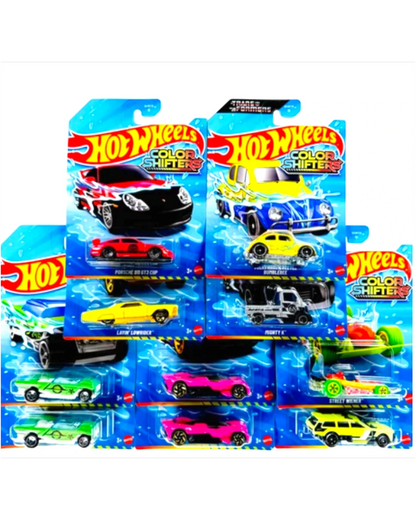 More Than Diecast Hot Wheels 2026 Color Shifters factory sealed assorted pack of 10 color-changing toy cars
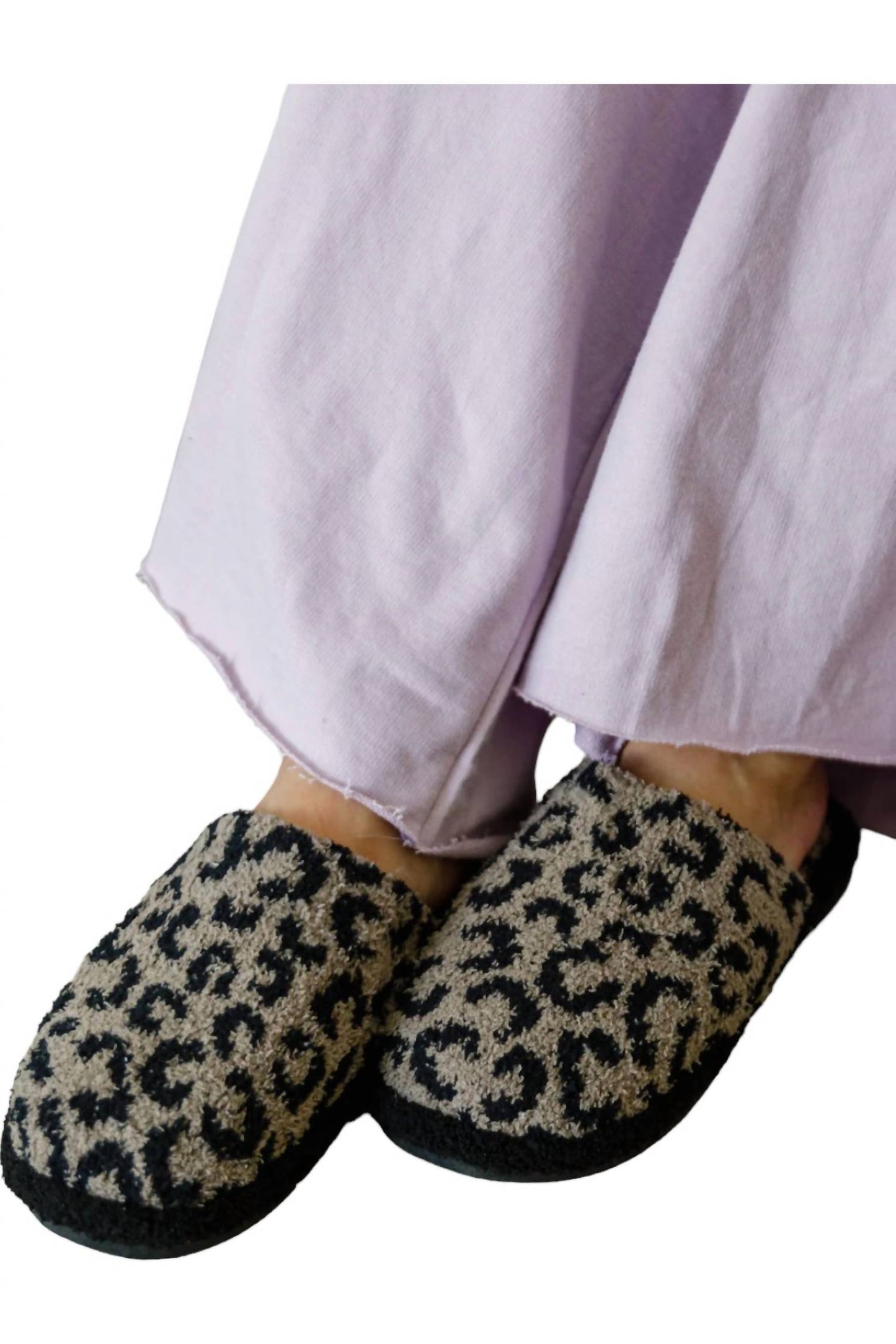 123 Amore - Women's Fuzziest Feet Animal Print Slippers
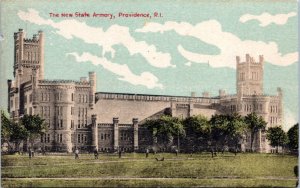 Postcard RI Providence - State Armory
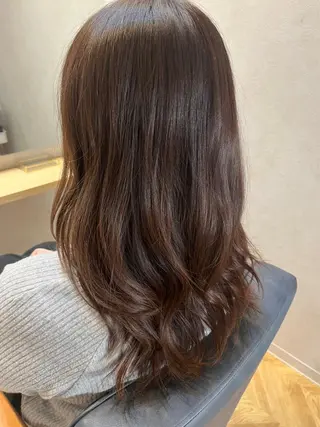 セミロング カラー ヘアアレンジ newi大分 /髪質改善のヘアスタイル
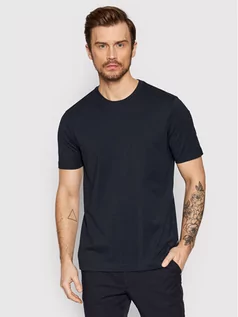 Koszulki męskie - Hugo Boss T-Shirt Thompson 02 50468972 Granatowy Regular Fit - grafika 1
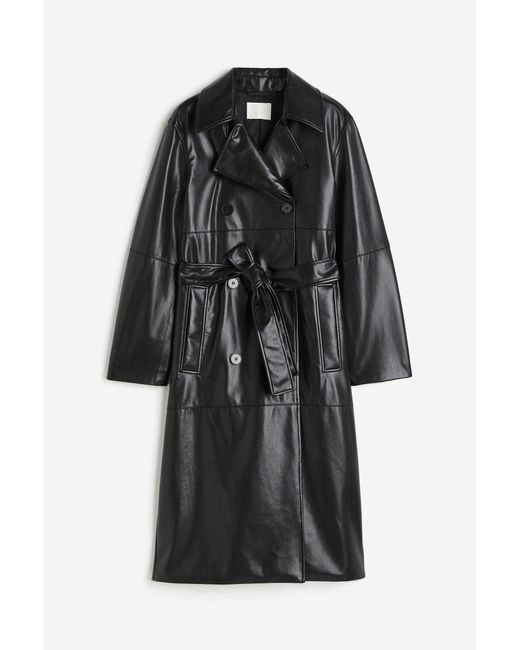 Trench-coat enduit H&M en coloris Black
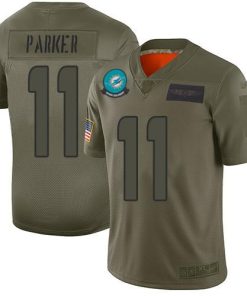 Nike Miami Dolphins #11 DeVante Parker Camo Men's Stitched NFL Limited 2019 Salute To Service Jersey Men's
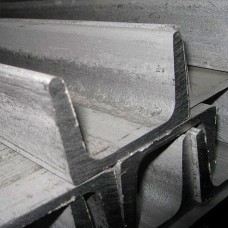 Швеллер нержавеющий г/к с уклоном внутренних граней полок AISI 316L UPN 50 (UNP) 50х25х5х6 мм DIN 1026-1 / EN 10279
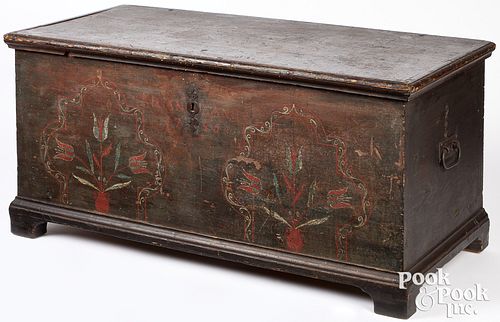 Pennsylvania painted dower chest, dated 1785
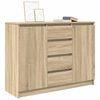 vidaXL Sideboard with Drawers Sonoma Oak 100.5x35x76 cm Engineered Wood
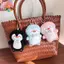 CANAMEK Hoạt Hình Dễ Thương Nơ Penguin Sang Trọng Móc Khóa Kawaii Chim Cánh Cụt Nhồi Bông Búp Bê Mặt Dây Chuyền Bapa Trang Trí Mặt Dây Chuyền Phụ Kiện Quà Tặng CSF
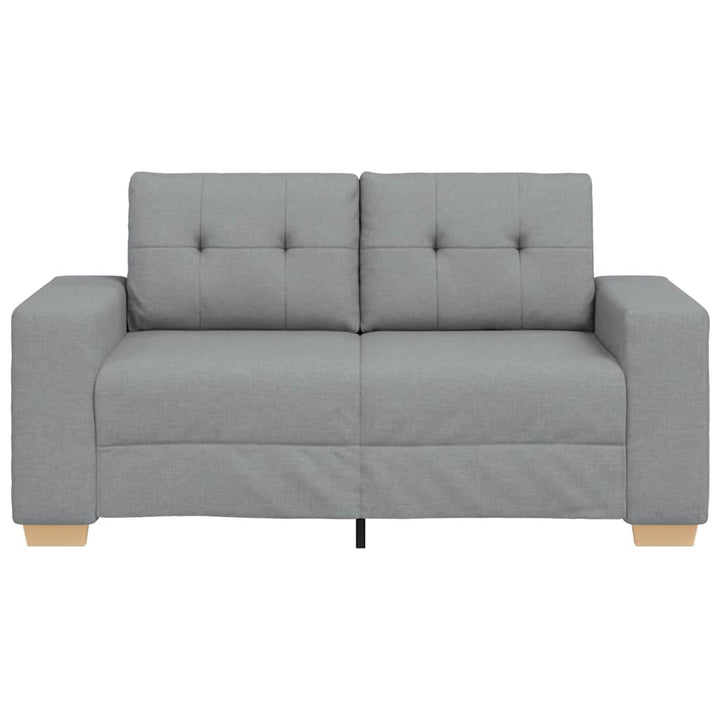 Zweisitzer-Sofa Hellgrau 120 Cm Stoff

==

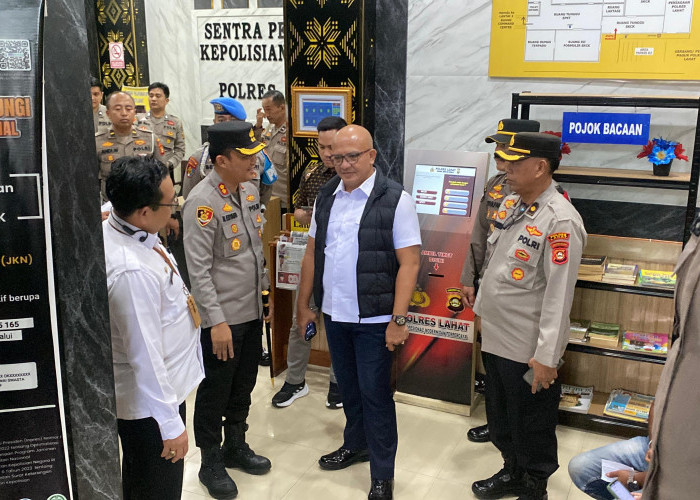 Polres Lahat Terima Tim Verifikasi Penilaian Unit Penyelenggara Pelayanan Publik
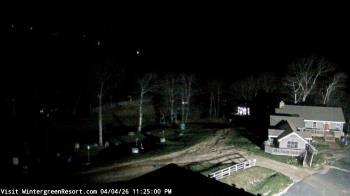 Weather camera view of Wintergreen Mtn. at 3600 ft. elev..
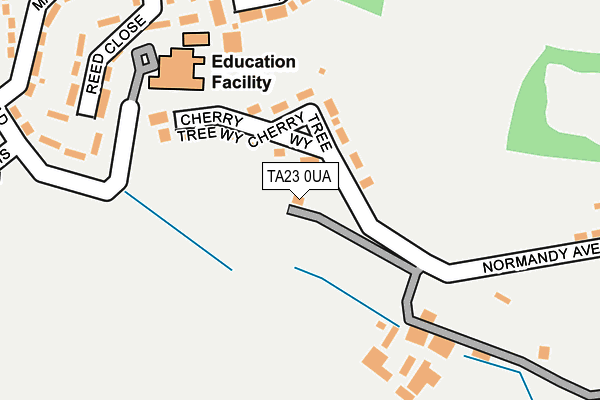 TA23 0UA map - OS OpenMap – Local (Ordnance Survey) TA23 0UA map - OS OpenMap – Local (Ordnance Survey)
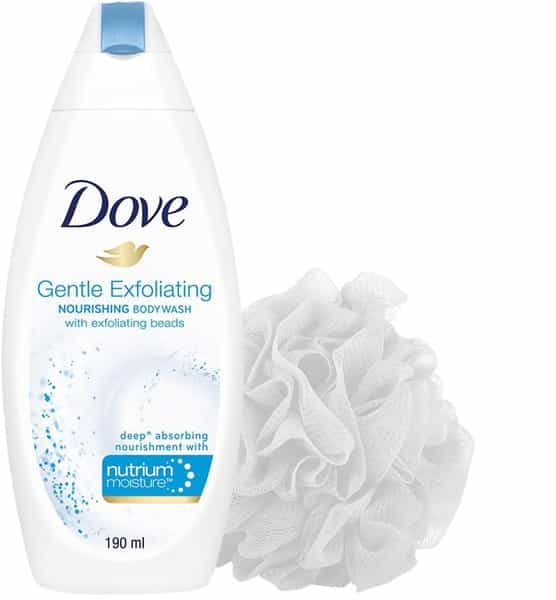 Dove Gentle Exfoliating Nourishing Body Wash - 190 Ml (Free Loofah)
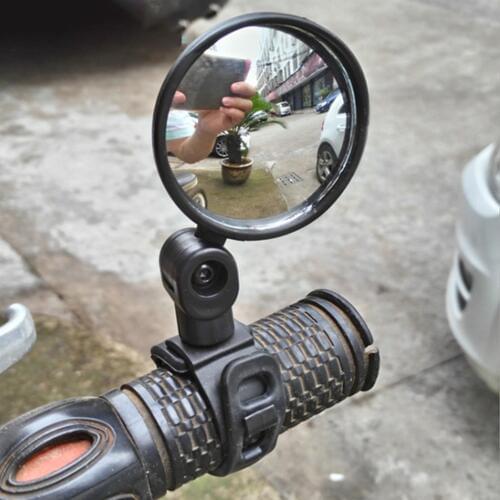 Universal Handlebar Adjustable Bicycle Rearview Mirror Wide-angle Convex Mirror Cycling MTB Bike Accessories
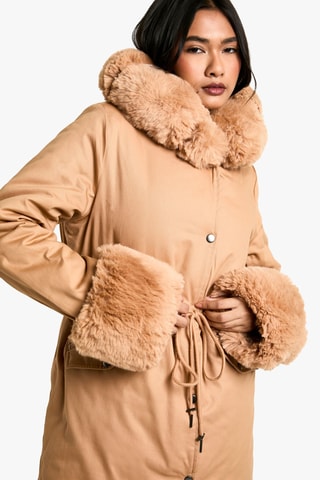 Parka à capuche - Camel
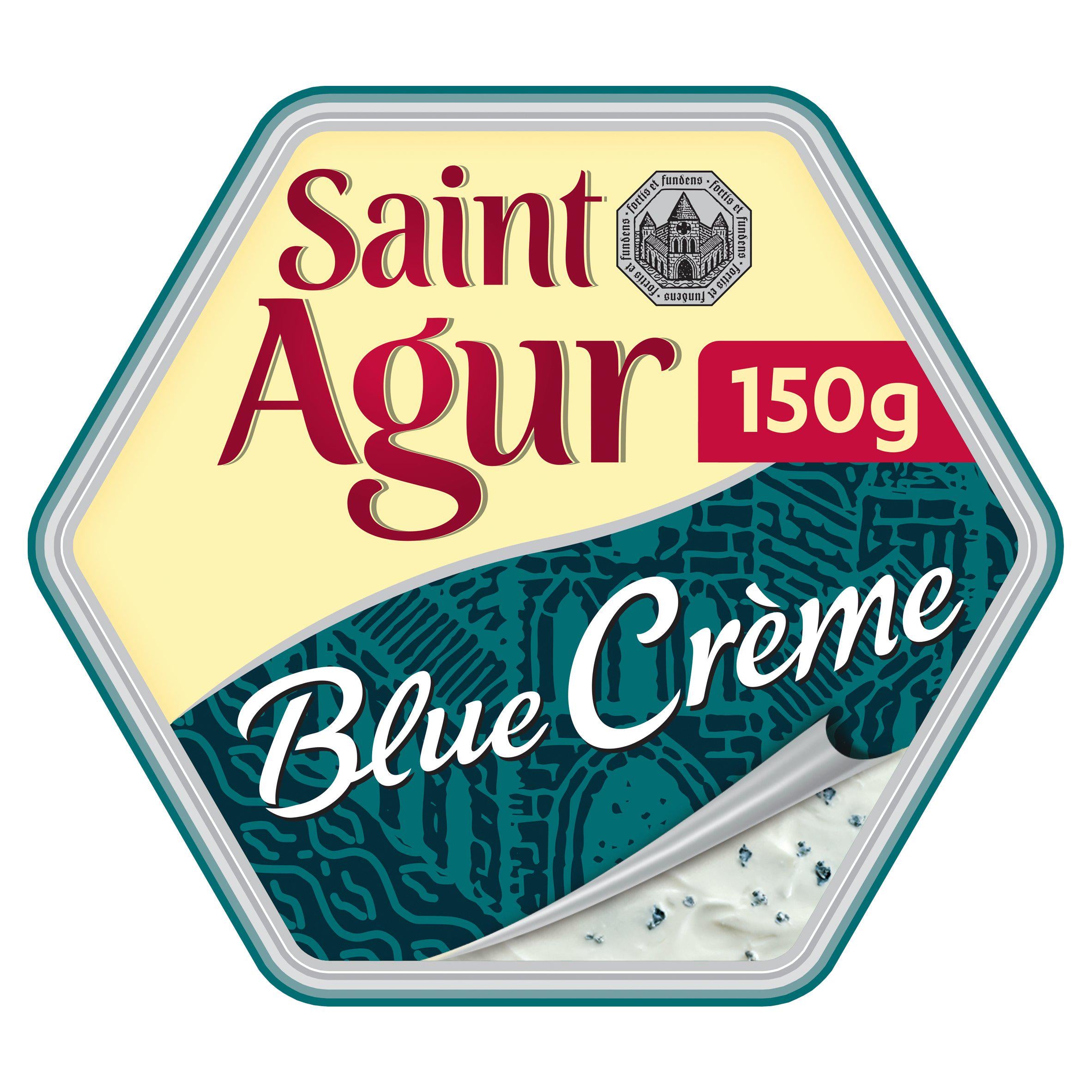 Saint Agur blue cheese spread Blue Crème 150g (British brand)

--

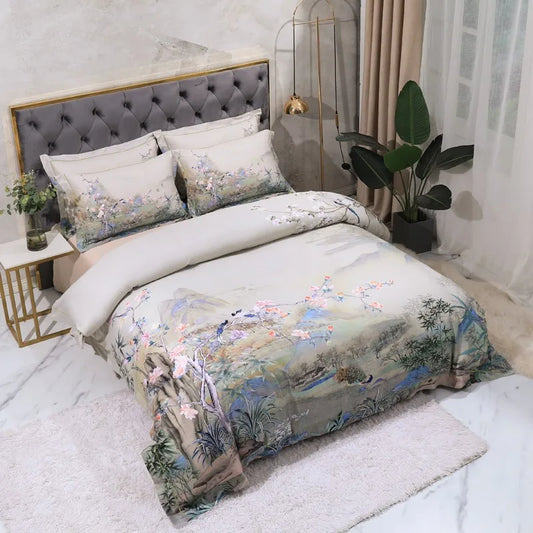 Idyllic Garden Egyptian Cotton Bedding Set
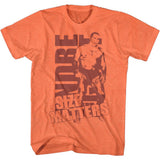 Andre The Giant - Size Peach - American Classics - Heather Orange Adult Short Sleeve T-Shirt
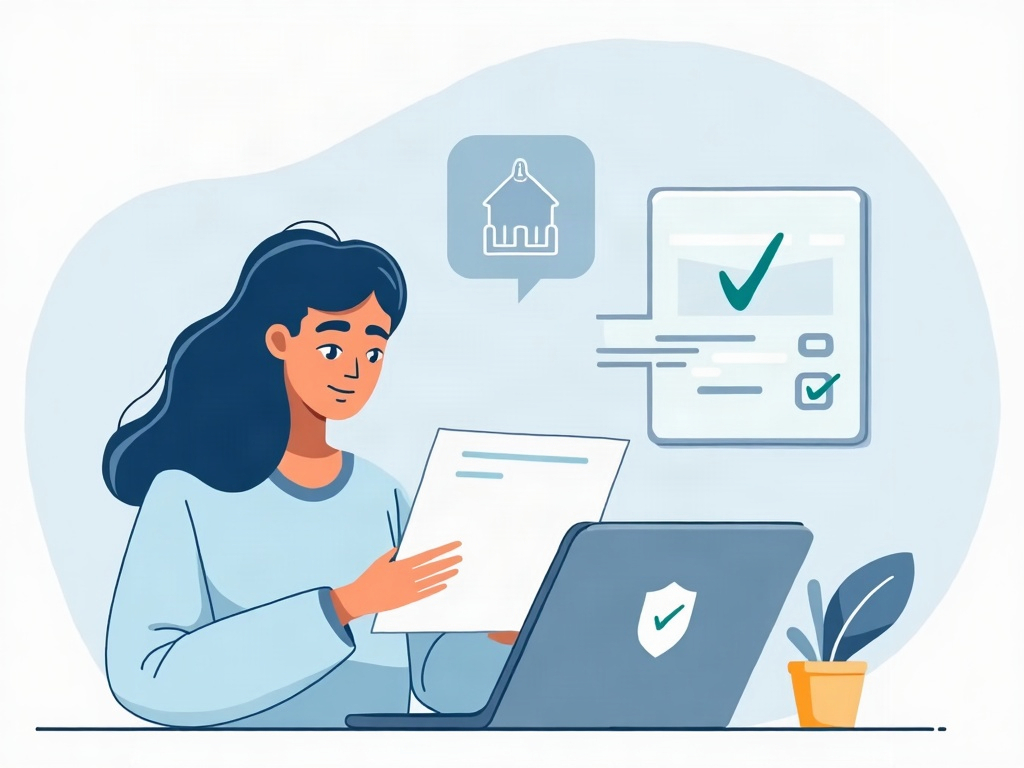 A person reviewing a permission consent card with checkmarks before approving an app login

- INSTRUCTIONS TO FOLLOW -
Give back exactly the lines above that run from the one with "Швеллер нержавеющий г/к" to the one with "Zweisitzer-Sofa Hellgrau 120 Cm Stoff", including both, with the pictures left out.

- RESULT BELOW -
 Швеллер нержавеющий г/к с уклоном внутренних граней полок AISI 316L UPN 50 (UNP) 50х25х5х6 мм DIN 1026-1 / EN 10279
 Pennsylvania painted dower chest, dated 1785
 vidaXL Sideboard with Drawers Sonoma Oak 100.5x35x76 cm Engineered Wood
 CANAMEK Hoạt Hình Dễ Thương Nơ Penguin Sang Trọng Móc Khóa Kawaii Chim Cánh Cụt Nhồi Bông Búp Bê Mặt Dây Chuyền Bapa Trang Trí Mặt Dây Chuyền Phụ Kiện Quà Tặng CSF
 Zweisitzer-Sofa Hellgrau 120 Cm Stoff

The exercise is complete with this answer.